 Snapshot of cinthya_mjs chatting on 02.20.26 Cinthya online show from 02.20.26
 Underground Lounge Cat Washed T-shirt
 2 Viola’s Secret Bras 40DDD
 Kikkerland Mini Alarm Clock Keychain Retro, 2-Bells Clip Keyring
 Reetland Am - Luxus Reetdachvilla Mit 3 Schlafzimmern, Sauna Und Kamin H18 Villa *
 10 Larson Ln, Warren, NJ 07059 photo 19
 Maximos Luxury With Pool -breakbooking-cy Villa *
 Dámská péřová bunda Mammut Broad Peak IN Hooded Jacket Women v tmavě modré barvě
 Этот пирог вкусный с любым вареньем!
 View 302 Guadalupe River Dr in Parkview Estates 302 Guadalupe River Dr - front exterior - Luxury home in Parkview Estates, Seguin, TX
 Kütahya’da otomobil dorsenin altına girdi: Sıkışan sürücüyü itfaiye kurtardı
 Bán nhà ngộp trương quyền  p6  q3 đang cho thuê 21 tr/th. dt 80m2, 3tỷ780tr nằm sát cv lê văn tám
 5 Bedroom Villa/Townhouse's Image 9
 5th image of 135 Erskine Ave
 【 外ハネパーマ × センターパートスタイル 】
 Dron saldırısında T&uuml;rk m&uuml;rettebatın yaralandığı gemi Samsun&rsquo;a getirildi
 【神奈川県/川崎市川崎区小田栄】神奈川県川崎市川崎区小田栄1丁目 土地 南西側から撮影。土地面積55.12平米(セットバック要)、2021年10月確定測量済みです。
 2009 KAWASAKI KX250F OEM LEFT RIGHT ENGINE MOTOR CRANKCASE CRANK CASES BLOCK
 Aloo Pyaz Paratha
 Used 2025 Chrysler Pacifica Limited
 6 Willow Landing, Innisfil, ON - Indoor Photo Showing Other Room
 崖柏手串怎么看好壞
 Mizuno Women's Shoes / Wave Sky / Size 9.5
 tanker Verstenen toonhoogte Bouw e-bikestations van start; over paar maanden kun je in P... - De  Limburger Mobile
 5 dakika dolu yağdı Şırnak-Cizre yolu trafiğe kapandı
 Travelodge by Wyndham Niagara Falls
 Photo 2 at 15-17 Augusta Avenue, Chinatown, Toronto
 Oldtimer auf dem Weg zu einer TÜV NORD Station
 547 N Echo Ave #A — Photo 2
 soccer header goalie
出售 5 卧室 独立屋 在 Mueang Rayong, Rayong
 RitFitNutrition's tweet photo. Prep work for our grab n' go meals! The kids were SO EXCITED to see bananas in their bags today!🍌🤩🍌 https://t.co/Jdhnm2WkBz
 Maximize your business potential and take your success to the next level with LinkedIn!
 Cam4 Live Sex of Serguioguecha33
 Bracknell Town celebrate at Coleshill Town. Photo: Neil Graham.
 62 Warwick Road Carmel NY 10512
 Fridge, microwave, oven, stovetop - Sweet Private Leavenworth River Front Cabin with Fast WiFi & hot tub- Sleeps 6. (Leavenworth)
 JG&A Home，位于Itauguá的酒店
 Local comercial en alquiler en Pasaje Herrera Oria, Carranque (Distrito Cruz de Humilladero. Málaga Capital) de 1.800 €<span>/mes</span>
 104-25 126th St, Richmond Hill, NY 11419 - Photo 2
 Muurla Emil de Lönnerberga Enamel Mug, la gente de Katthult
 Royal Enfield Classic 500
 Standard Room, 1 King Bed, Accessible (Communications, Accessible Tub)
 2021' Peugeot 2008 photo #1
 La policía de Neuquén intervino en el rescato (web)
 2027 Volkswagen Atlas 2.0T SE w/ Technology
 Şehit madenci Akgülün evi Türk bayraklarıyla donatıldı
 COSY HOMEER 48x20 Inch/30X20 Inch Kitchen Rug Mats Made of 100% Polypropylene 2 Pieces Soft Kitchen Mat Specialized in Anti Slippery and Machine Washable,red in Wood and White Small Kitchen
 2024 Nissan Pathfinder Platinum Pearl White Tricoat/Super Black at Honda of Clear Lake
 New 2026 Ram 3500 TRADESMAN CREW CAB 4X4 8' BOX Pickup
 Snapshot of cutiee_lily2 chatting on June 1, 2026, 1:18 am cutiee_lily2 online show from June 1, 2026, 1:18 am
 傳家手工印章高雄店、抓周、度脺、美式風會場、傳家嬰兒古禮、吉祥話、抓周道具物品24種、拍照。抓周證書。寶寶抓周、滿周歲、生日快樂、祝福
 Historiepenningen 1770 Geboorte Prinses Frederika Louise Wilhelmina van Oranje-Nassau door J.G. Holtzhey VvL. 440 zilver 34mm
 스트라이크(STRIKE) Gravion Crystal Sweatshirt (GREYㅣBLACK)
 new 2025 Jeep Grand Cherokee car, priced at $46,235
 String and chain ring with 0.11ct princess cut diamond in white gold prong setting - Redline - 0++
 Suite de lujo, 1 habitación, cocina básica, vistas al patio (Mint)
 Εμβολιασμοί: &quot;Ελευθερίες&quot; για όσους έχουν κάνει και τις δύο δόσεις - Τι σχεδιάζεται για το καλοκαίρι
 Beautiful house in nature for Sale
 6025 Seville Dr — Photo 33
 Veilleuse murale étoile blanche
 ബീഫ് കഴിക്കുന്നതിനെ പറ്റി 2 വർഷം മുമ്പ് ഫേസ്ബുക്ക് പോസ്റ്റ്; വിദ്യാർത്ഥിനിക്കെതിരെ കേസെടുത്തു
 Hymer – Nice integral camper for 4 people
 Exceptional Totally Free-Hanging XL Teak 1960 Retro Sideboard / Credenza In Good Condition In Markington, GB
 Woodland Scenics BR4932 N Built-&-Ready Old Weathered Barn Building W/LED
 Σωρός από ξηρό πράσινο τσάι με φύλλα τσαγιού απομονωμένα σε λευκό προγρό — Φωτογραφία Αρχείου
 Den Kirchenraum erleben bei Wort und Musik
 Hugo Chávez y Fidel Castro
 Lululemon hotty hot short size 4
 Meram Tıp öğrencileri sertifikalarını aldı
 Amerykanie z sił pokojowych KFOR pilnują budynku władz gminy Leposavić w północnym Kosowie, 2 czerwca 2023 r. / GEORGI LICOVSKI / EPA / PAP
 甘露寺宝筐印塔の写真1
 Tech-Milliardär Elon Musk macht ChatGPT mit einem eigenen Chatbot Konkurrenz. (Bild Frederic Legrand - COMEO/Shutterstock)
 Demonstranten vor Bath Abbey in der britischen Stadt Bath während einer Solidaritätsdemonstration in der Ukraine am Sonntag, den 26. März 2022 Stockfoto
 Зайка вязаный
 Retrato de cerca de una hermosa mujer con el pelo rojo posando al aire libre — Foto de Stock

______________________________

● **TASK DETAILS**
Could you set down, word for word, only the lines above from the line with "Bracknell Town celebrate" to the line with "Fridge, microwave, oven, stovetop", including both?

● **RESULT**
 Bracknell Town celebrate at Coleshill Town. Photo: Neil Graham.
 62 Warwick Road Carmel NY 10512
 Fridge, microwave, oven, stovetop - Sweet Private Leavenworth River Front Cabin with Fast WiFi & hot tub- Sleeps 6. (Leavenworth)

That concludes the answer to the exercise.